Is it possible to include in the analysis for each puzzle more of the solutions that are automatically sent to the server?


(Tue, 10/10/2017 - 00:34  |  3 comments)

jeff101's picture
User offline. Last seen 20 hours 41 min ago. Offline
Joined: 04/20/2012
Groups: Go Science

Perhaps you could do something like below:

(1) Make a list called allscores of all scores stored on the server.
(2) Sort the allscores list by score.
(3) Make an empty list called keepers of solutions to analyze.
(4) Move the highest-scoring solution from the allscores list to the keepers list.
(5) Take the top-scoring solution left in the allscores list (call it topsolution)
and find its alpha-carbon rmsd from each solution in the keepers list. If any
of these rmsd values are below a certain cutoff, topsolution is too similar to
a solution already chosen for analysis, so don't add topsolution to the keepers
list. If all of the rmsd values are above the cutoff, topsolution is novel, so
do add topsolution to the keepers list.
(6) Remove topsolution from the allscores list.
(7) If any solutions remain in allscores, go to (5) above. Otherwise, continue with (8) below.
(8) The list allscores should be empty now. Analyze the results in keepers.

bkoep's picture
User offline. Last seen 14 hours 6 min ago. Offline
Joined: 11/15/2012
Groups: Foldit Staff

Excellent suggestions!

To answer your questions:
Yes, your Foldit client will continue to upload solutions to our server if you continue playing after a puzzle expires. However, that does not mean we will wait for you to begin our analysis. Generally speaking, our analysis will capture solutions uploaded only for an hour or so after puzzle expiration.
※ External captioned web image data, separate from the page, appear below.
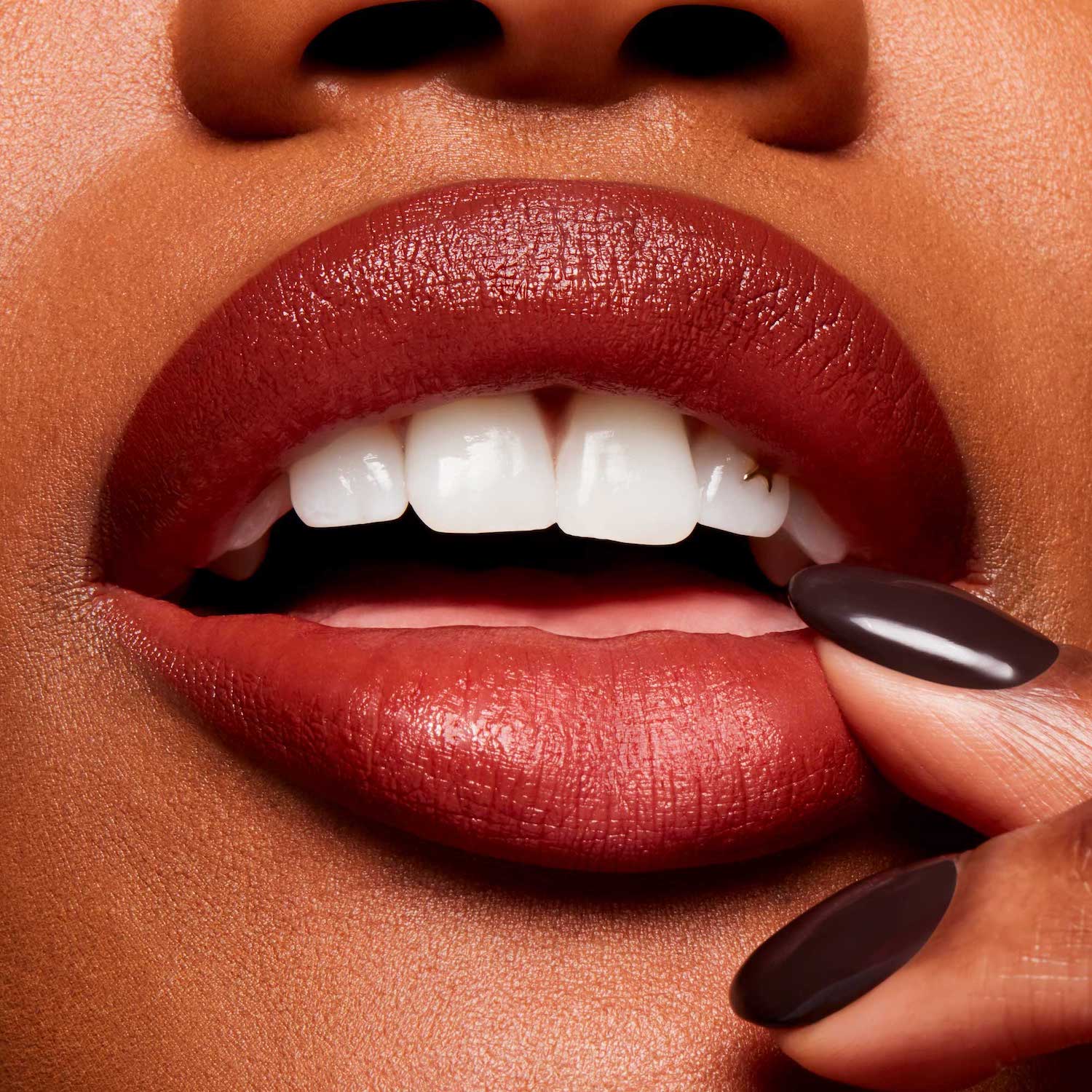 POWDER KISS VELVET BLUR SLIM STICK (BARRA PARA LABIOS)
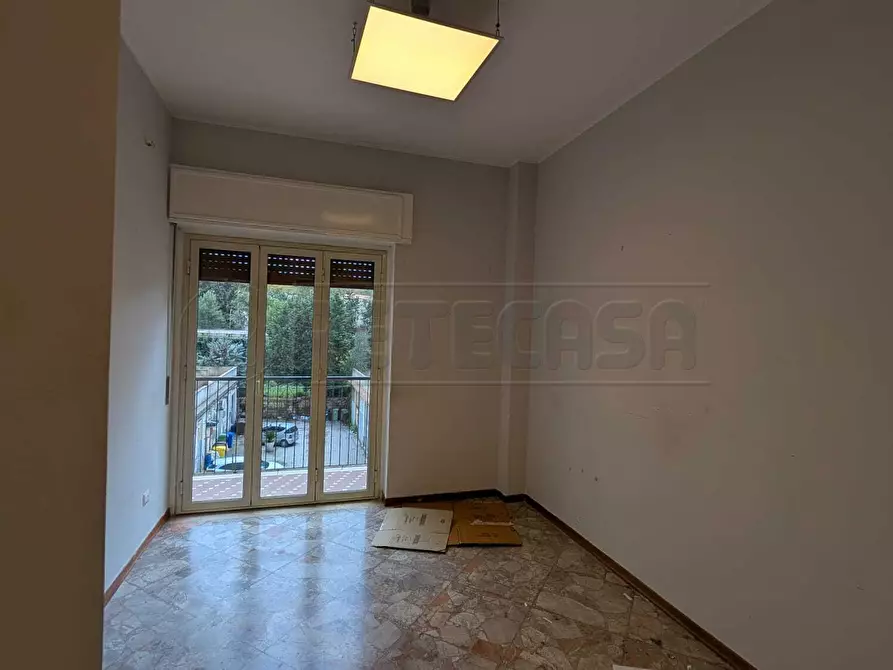 Immagine 8 di Pentalocale in vendita  in Via Libertà 12 a Caltanissetta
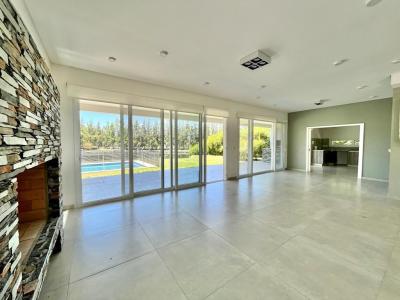 Casa 3 dormitorios en alquiler en Nordelta, Tigre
We focus most of our attention on the best Solo and Evolver solutions for all players, as well as the Scientist Shares. We do also dig deeper into the bulk of solutions from a puzzle, depending on the amount of interest in the puzzle results (we'll do this for most Design puzzles and special collaborations, for example; but probably not for Revisited or De-novo Freestyle puzzles). In fact, we typically use exactly the process you suggest to cluster these solutions according to structural alignment.

jeff101's picture
User offline. Last seen 20 hours 41 min ago. Offline
Joined: 04/20/2012
Groups: Go Science

Perhaps a good compromise is to allow each player
to share more solutions (say 10) with scientists.
Another idea would be to also include in your
analysis all (or just the most recent list of)
solutions a player shares with himself or his group.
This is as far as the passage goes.